The Premier League are resolute in their determination for clubs to restart full-contact training this week but face a battle to convince players in some quarters to throw in their lot with the decision.
Appreciably, the return to complete training as normal is a vital component essential to the expeditious speeding up of Project Restart, targeted for mid-June, and the top flight is waiting for government guidelines on how to go about it.
According to the Times, the Premier League want full-contact work to begin next week despite the reluctance of a number of players and are aiming to convince all the necessary parties in a crucial video presentation this Wednesday to players, managers and top club officials once the green light has been given, which would allow full training to begin the very next day.
The presentation needs to clearly outline how clubs can go about returning to full-contact work in the safest way possible as there are some who fear the dangers still posed by coronavirus to themselves and loved ones.
Last week a number of Watford players including the likes of Troy Deeney who declined to train at the club and N’Golo Kante also decided against returning for Chelsea.
There is particular concern arising in this particular area among BAME players as Covid-19 has disproportionately impacted people from those backgrounds. Office for National Statistics data states that black men and women are nearly twice as likely to die from Covid-19 as white people.

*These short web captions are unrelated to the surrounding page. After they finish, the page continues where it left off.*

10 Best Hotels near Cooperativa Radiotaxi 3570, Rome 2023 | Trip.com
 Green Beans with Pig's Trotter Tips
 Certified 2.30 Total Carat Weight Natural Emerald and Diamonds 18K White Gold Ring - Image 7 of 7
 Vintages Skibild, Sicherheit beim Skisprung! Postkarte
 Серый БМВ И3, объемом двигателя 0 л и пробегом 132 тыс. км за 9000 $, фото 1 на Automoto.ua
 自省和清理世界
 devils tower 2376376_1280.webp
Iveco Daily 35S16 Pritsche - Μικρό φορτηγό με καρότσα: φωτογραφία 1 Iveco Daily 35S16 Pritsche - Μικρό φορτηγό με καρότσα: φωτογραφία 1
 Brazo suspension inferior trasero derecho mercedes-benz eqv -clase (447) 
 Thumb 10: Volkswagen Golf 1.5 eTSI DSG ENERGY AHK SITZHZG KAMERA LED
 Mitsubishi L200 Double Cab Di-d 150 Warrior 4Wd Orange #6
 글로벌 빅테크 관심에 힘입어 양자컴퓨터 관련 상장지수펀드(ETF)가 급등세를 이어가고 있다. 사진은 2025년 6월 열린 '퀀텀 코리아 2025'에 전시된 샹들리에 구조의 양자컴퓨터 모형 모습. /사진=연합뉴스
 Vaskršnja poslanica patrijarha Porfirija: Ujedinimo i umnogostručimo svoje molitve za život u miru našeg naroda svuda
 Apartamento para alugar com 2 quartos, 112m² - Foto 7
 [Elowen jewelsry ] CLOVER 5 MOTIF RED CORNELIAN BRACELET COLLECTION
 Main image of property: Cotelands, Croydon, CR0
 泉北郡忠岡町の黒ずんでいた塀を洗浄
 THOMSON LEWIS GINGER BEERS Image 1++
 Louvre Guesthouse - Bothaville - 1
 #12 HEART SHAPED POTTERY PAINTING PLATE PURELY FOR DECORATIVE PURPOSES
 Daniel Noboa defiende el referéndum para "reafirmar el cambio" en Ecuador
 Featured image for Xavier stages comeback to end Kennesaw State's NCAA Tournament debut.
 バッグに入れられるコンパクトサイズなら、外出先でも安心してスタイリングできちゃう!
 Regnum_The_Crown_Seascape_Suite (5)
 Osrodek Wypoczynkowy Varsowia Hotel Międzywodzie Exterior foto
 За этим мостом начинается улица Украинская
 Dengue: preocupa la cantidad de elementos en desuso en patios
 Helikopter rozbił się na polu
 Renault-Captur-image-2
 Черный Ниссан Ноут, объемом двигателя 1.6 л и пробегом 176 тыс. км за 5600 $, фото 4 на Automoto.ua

Leading anti-racism campaigner Troy Townsend told the Times:
“Maybe the Premier League needs to relax that definitive deadline of when they should be training and playing, so players can feel like they are part of the human race, and they need to take their time in how we come back. That’s why I think the middle of June suggestion (for restarting) is outrageous.
“I’ve always thought the highest level of the game should have better representation and probably that is now being highlighted because maybe those concerns would go up the agenda.
“Maybe certain circumstances and decisions would be made in a different light.”
Although in all fairness Premier League players are being regularly tested, the chances of spreading infection when battling for possession and coming into close contact are inevitably heightened.
As Deeney put it: “I can’t get a haircut until mid-July but I can go and get in a penalty box with 19 people and jump for a header, and nobody could answer the questions, not because they didn’t want to, just because they don’t know the information.”
Once the government finalises their guidelines, the information will be passed on through Premier League medical adviser Mark Gillett and director of football Richard Garlick.
Players will be asked to sign forms accepting the return to full-contact training.